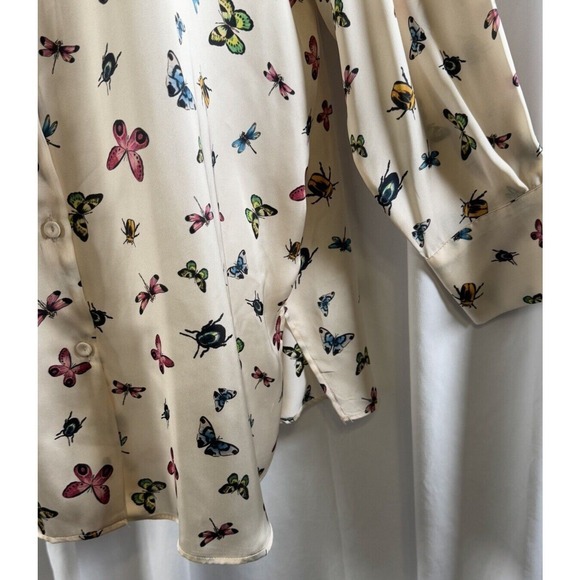ZARA Women's Cream Butterfly Insect Print Button Up Shirt Oversized M‎ 72-27 - Picture 13 of 16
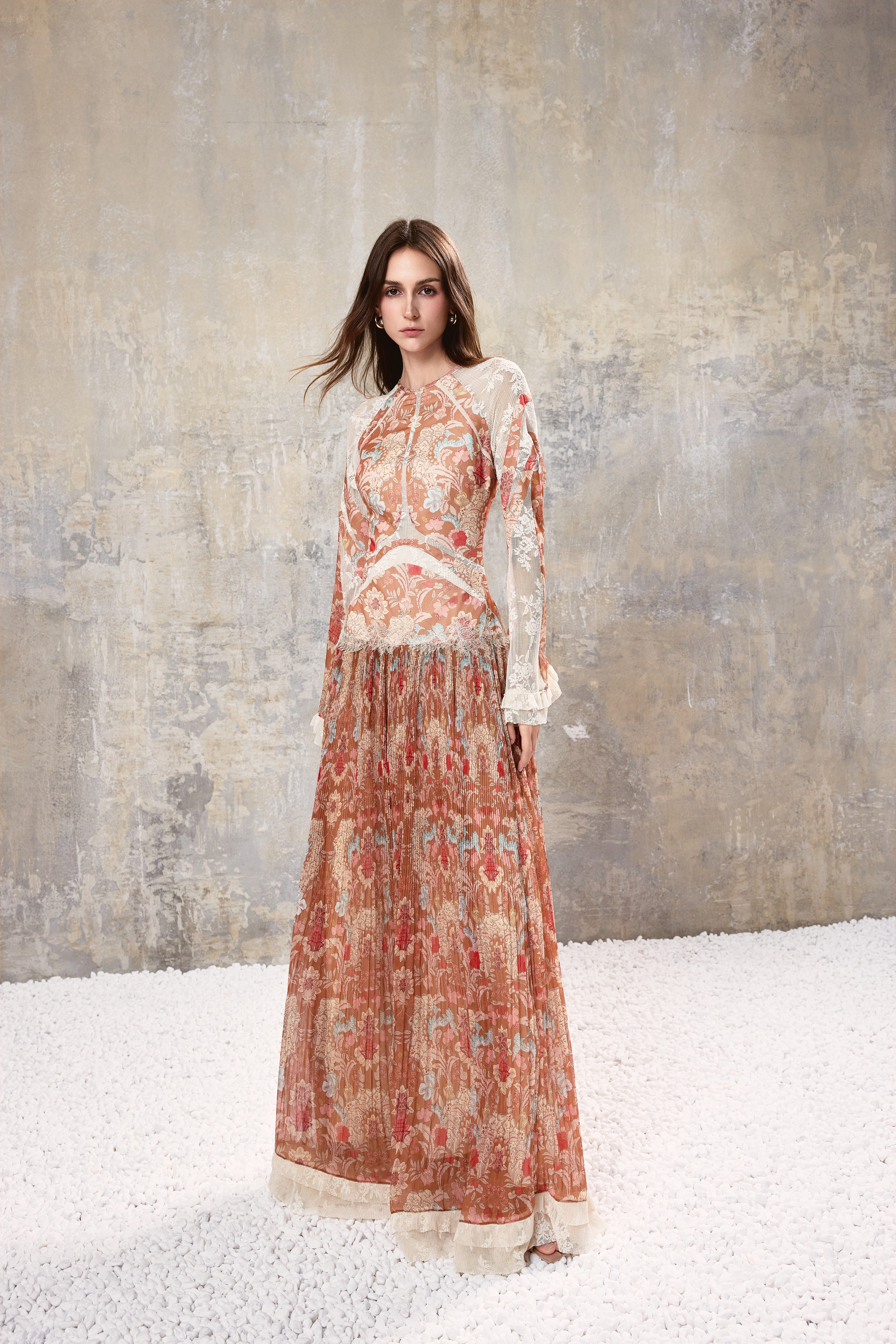 Baroque Pleated Maxi Dress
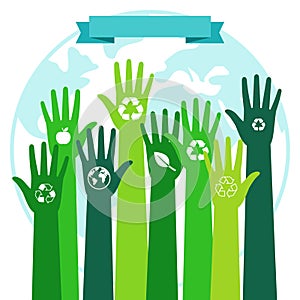 Save world ecology environmental concept. Green hands and blue Planet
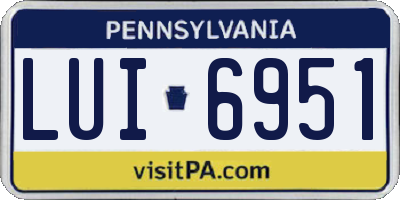 PA license plate LUI6951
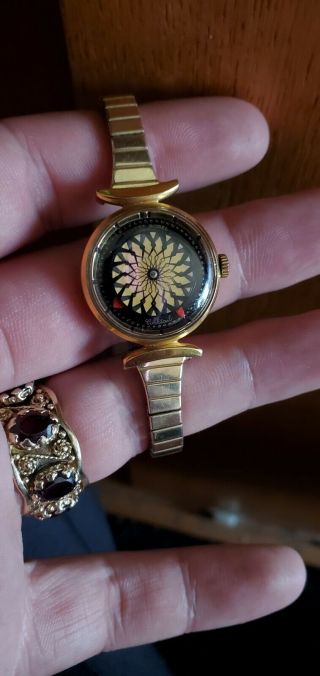 Vintage Ernest Borel Kaleidoscope Cocktail Synchron Watch 17j S10/01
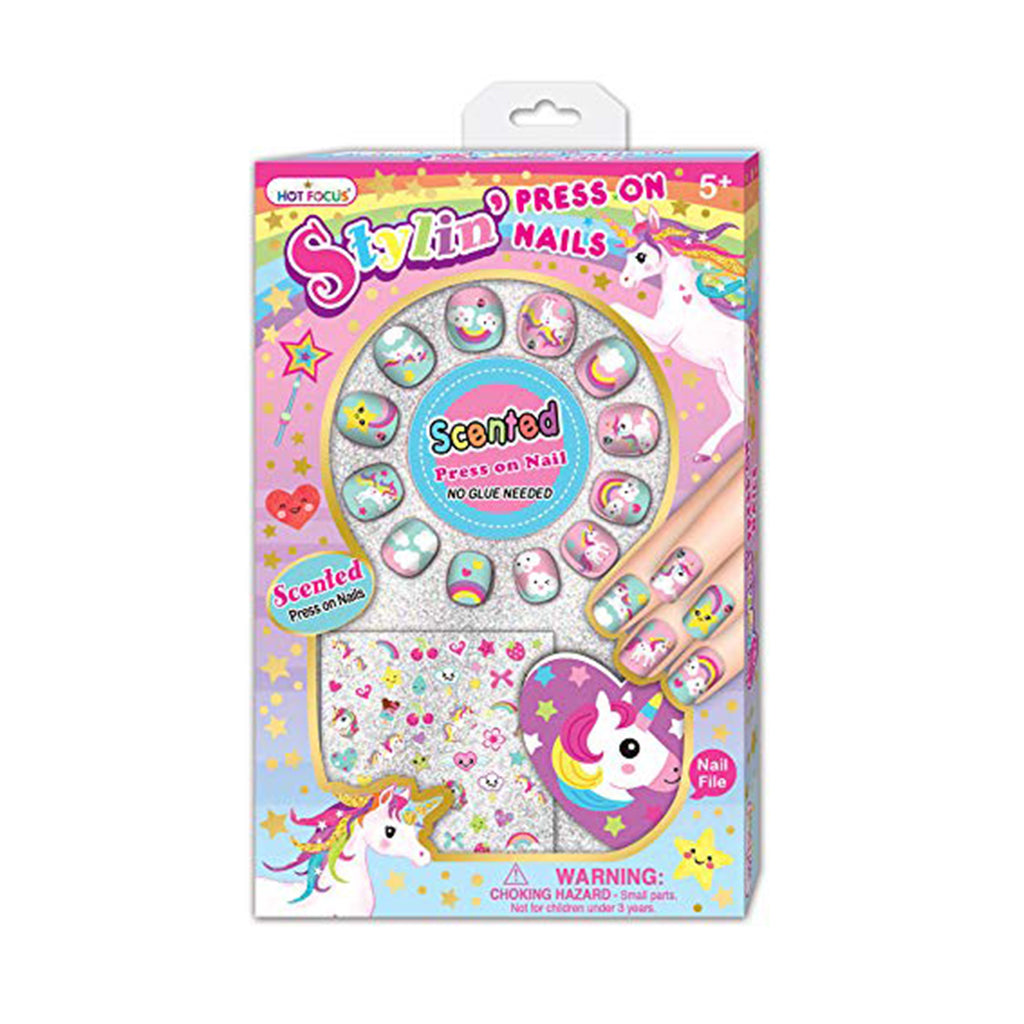 Hot Focus Scented Stylin' Press On Nails Unicorn Set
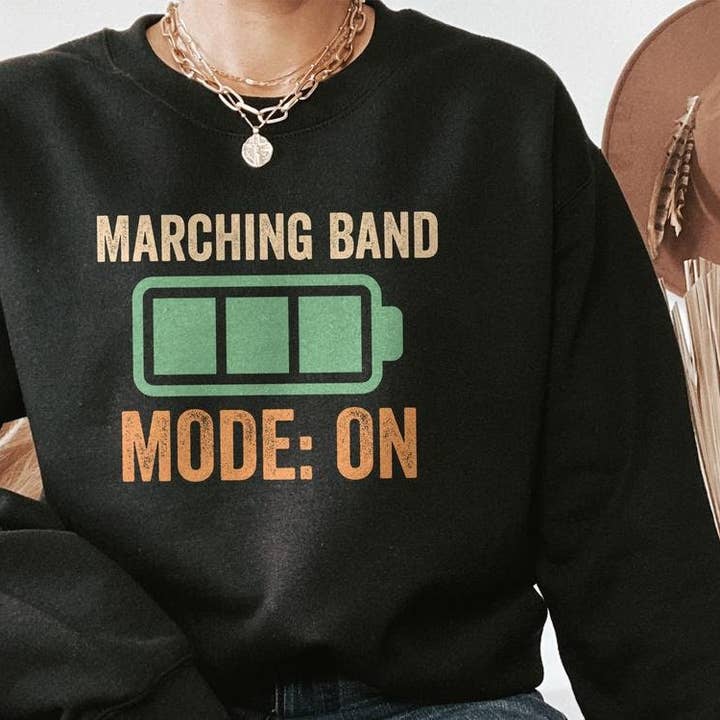 PositiveParty - Wholesale Screen Printed T-Shirt - Women's - Marching Band Mode: On Shirt, Marching Band Lover Gift2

*Exercise goal*. All pictures are to be dropped, and the records above returned exactly.

*Task solution*.
ZARA Women's Cream Butterfly Insect Print Button Up Shirt Oversized M‎ 72-27 - Picture 13 of 16
 Baroque Pleated Maxi Dress
 Save world ecology environmental concept. Green hands and blue Planet
 PA license plate LUI6951
 Vintage Ernest Borel Kaleidoscope Cocktail Synchron Watch 17j S10/01
 Hot Focus Scented Stylin' Press On Nails Unicorn Set
 PositiveParty - Wholesale Screen Printed T-Shirt - Women's - Marching Band Mode: On Shirt, Marching Band Lover Gift2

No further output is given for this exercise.